Anonymous Anónimo said...

Então e se a LdA pedisse à sua distribuidora que se fosse apresentar às LI? É que há LI que não conhecem a vossa distribuidora. E depois queixam-se de ficarem com as calças na mão quando a fnac muda a estratégia, tal a vossa dependência dela.

8:36 da tarde  
Blogger LdA said...

E que LIs é que não conhecem a nossa distribuidora? Pode indicá-la(s), caro auto-imposto PR das LI? Trata-se da Pó dos Livros, da Livro do Dia, da Centésima, da Ler Devagar? Essas conhecem-nos bem,e há muito tempo. Será outra? A nossa "dependência" é de livrarias que servem bem, pagam a horas e que cumprem, genericamente, o seu papel, caro PR, e apenas dessas, sejam FNAC, LI ou outras.
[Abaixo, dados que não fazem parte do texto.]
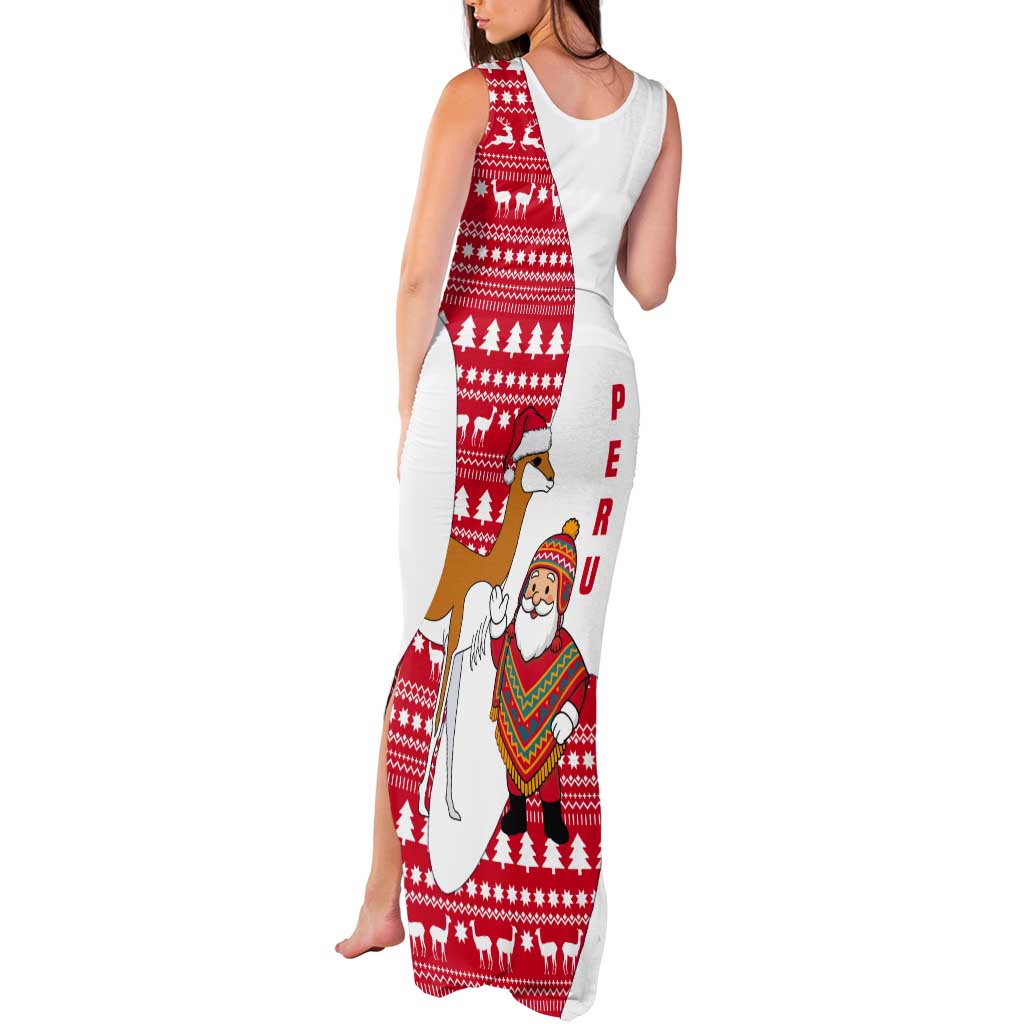 Peru Christmas Tank Maxi Dress with Santa Claus Vicuña Andean Poncho and Red Festive Pattern Design - Wonder Print Shop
Se quiser passar essa sua indignação à nossa distribuidora, pode usar os contactos que temos no blogue, e se os tiver onde e como os deve (independentes ou não), terá a bondade de não se cobrir sob o anonimato. Que lhe parece?

Atenciosamente,

Livros de Areia

1:56 da manhã  
Blogger Alvaro said...

Independentemente dos comentários anteriores – sim, é mau o anonimato, mas, bolas, a resposta foi um pouco áspera não? –, estou basicamente de acordo com a vossa posição. É mais grave que a FNAC deixe cair outras coisas do que os 10%. E pode até ser uma oportunidade para certas livrarias, independentes ou dependentes, não sei, apanharem os leitores que, é certo, não vão gostar de se ver privados dessas outras coisas, como a diversidade e um (mesmo que pequeno) espaço para a diferença. Mas era bom que essas livrarias – e aí, como editor tenho de sublinhar o que dizem – respeitassem um pouco mais os seus fornecedores.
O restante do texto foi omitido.